Usually at some point I would find myself asking the Narcissist to put himself in my shoes, and try to show him what the experience felt like from my perspective…. and he would never sympathize, he could never empathize and understand. Somehow, every single time I would come out the other end of the conversation apologizing to the Narcissist for overreacting or for accusing him or for myself in general. These would be lengthy and draining conversations usually lasting 20 minutes to over an hour, and at times I felt so exhausted and drained through the process that I would just concede regardless of what I really thought, and other times I would walk away convinced by his tactics. It’s a giant freaking mind f*ck and is actually really difficult to explain to people.
Lately I have realized that one of the things that the Narcissist would do ALL THE TIME was make analogies… I am talking 5 or 6 different analogies about the same topic within the same few sentences. They would come to him almost instantly and I would often be amazed that he could draw parallels between such different things in a way that made so much sense without even stopping to think about it. I think he was using analogies as a way to distract me from what the original topic was, and convince me of his point while removing me from the emotional aspect of what I was originally upset about. This may seem like a minor and strange thing to hone in on, but I feel like there is something to this technique as I recently realized that the Vulture in my office does the same thing.

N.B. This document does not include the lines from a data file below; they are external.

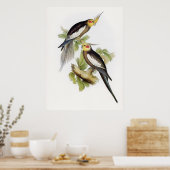 オウムCockatoo Cockatielアート ポスター (キッチン)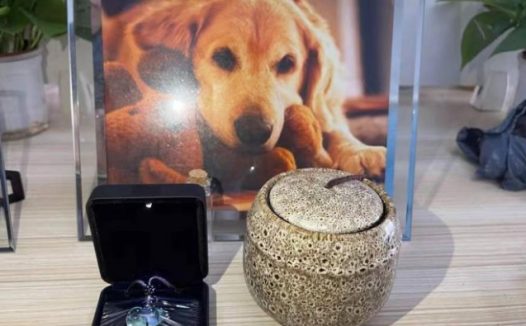 “吸猫”“撸狗”成年轻人新生活方式 中国宠物经济催生新职业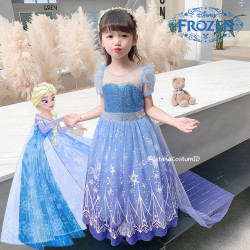 Dress Princess Elsa Frozen...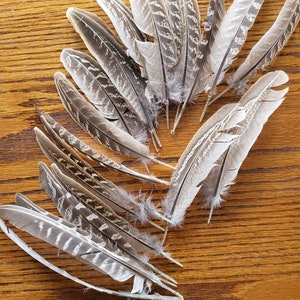 20 Short Pheasant Wing Feathers (6 inches to 8 inches)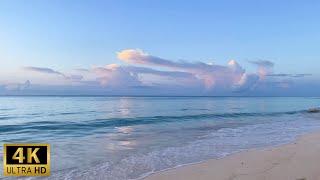 Pink Ocean Sunrise Calming Waves and Sky in 4K [upl. by Neehs]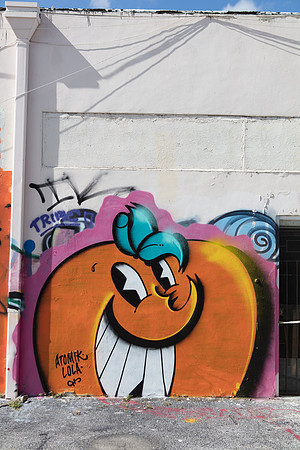 20161108_Wynwood_H5D2890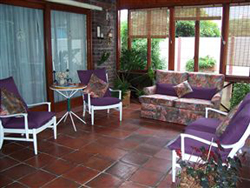 Pine Tree Cottage B and B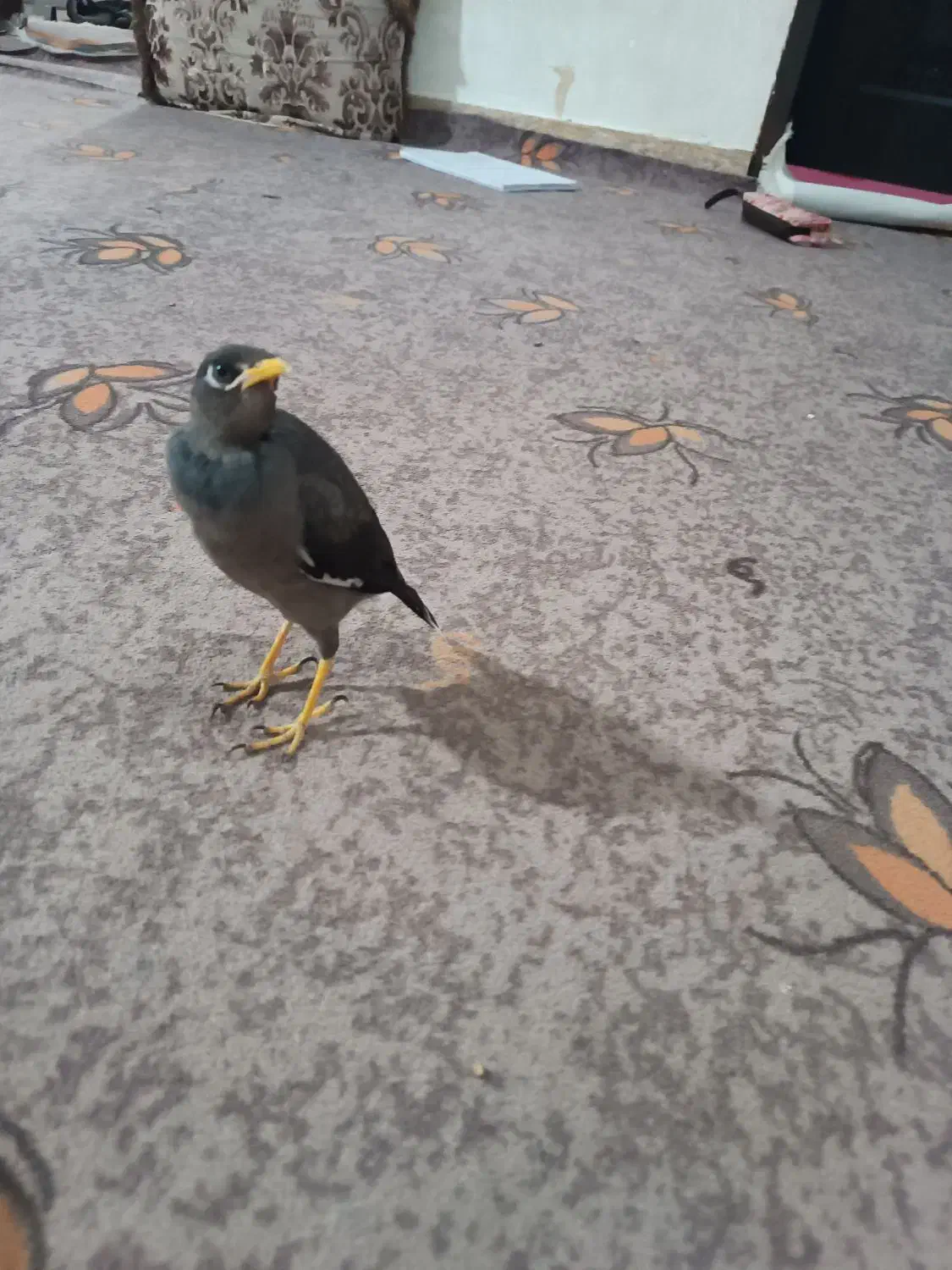 مرغ مینا|پرنده|برازجان, |دیوار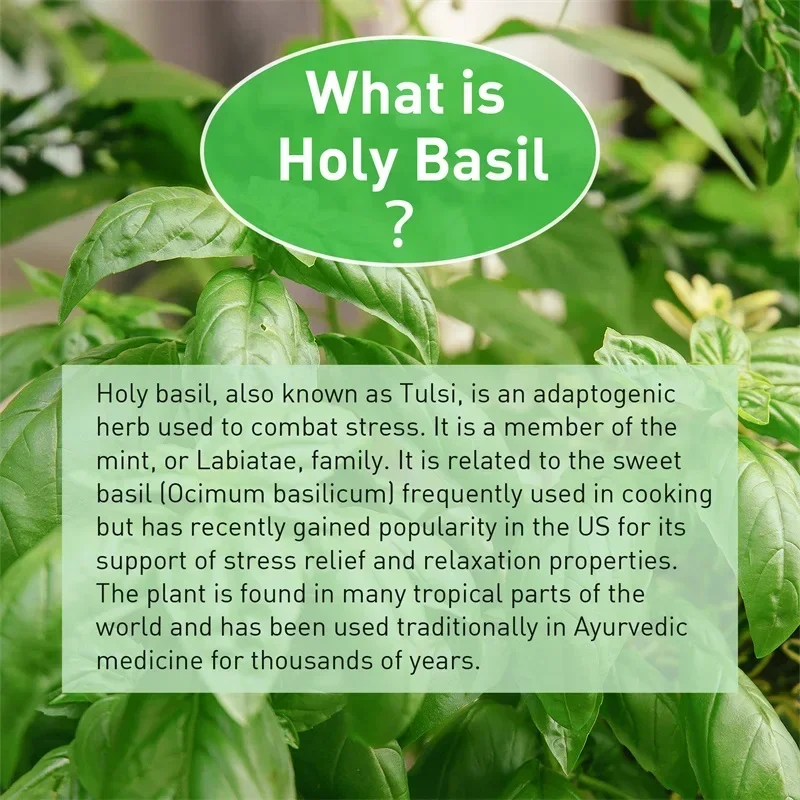 ホーリーバジルカプセル - 免疫力を高め、ストレスを軽減し、 - Tulsi Holy Basil のレビューと価格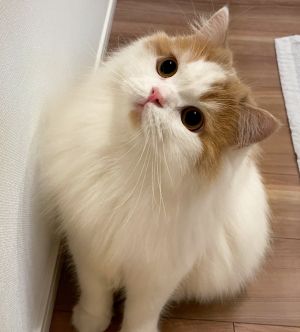 ▲是隻臉蛋超萌的貓貓。（圖／Twitter：Lemon0517ch）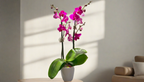 Large Tall Orchid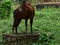 This is an image of beautiful red serow in india.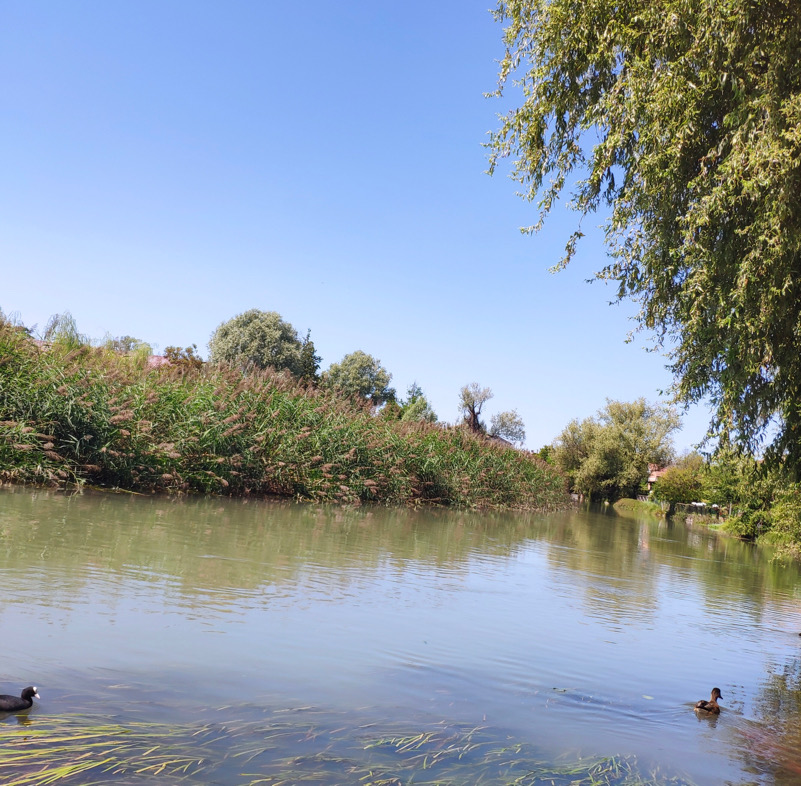 Sile a Quinto di Treviso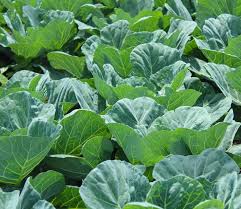 Collard Greens Seeds for Planting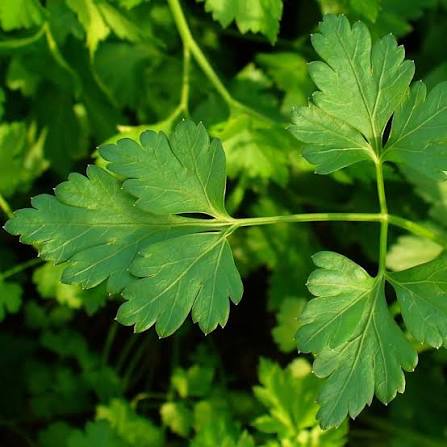 Parsley Gigante D'Italia flat leaf herb microgreen seeds for growing fresh Italian parsley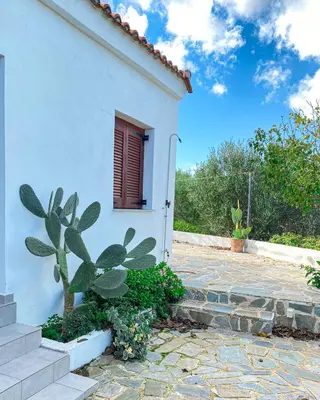 a cactus in front of a white house at Alkis Olive Grove Cottage in Vasilópoulon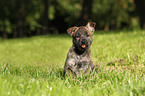 Hollandse Herder Puppy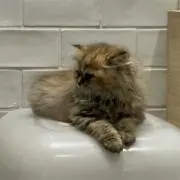 ドウデュースの画像
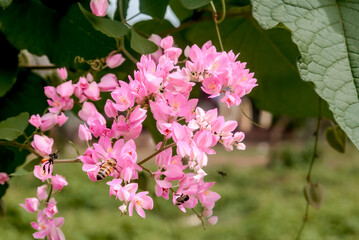 Mexican Creeper (Antigonon leptopus) in park, Nicaragua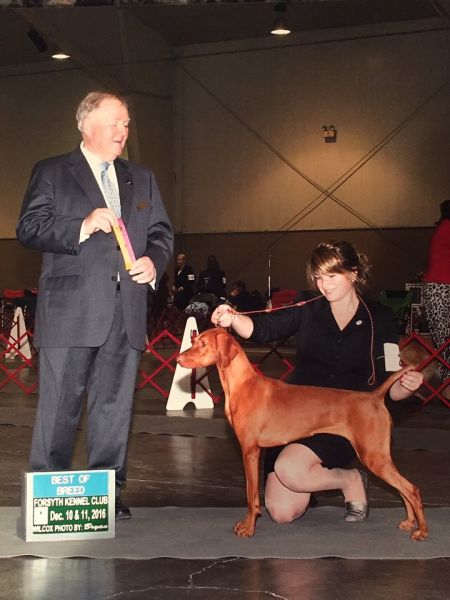 Image of Rhapsody Hit Me With Ur Best Shot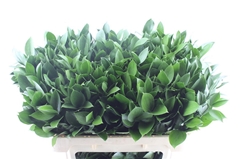Ruscus Hypophyllum 80cm
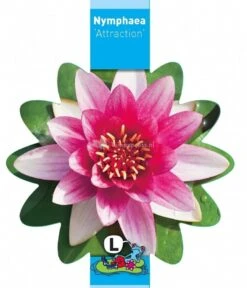 Rode Waterlelie (Nymphaea Attraction) Waterlelie -Vijverbenodigdheden rode waterlelie nymphaea attraction waterlelie 3 0 773x900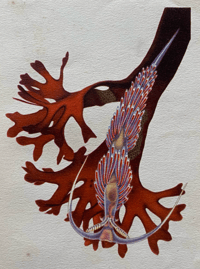 Image 10 of Seashore Life and Pattern (D)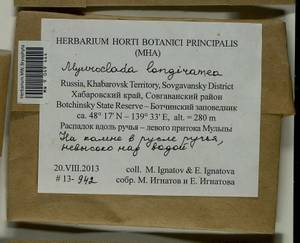 Myuroclada longiramea (Müll. Hal.) Min Li, Y.F. Wang, Ignatov & Huttunen, Bryophytes, Bryophytes - Russian Far East (excl. Chukotka & Kamchatka) (B20) (Russia)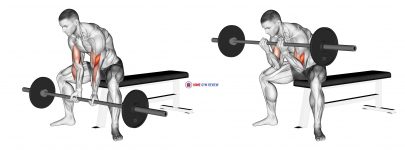 Barbell Seated Close-grip Concentration Curl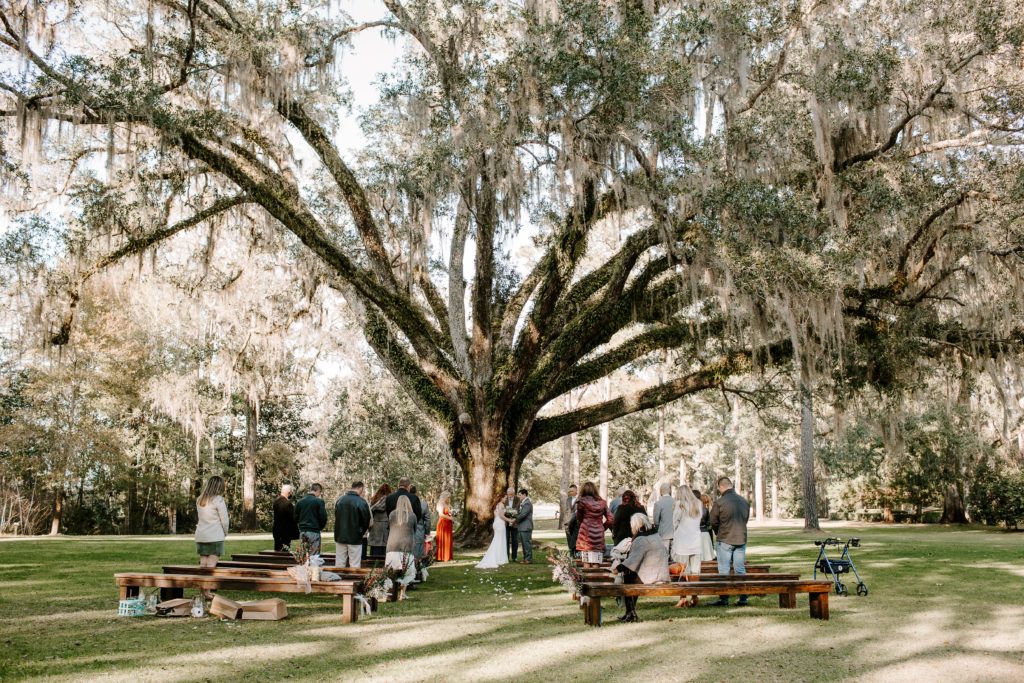 A wide shot of an oak tree with spanish moss hanging off of it while the intimate wedding is gathered under it watching the couple say their vows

When the Vulture started making excessive analogies to me in meeting the other day I found myself getting anxious and irritated. In my mind I was no longer even listening to the things he was saying… I was thinking to myself “Okay already, I get your point lets just focus on what we are talking about!!” and “I’m not stupid here I get the point already!!” I walked away from the conversation feeling physically and emotionally affected.
Literally we were discussing our Company’s struggle with forecasting the business in the past. The Company has a bad reputation for forecasting sales goals, and then we never meet our bonus funding goals as a result. The Vulture within a second was able to draw the analogy of “It’s like if I graded you on how you packed for a vacation. You look at the weather forecast knowing that it is only going to be accurate 30% of the time and you pack shorts for your vacation. When you get to your destination, the weather man was wrong and you really needed pants… Imagine if I based your competence on how accurately you packed.” How do they instantly come up with this stuff???
So this might be totally unique to my situation. I have done some Googling to try to find if there are any parallels between personality disorders, smooth talking, and excessive use of analogies but I couldn’t find anything substantial.
I’m curious if anyone else has had this experience?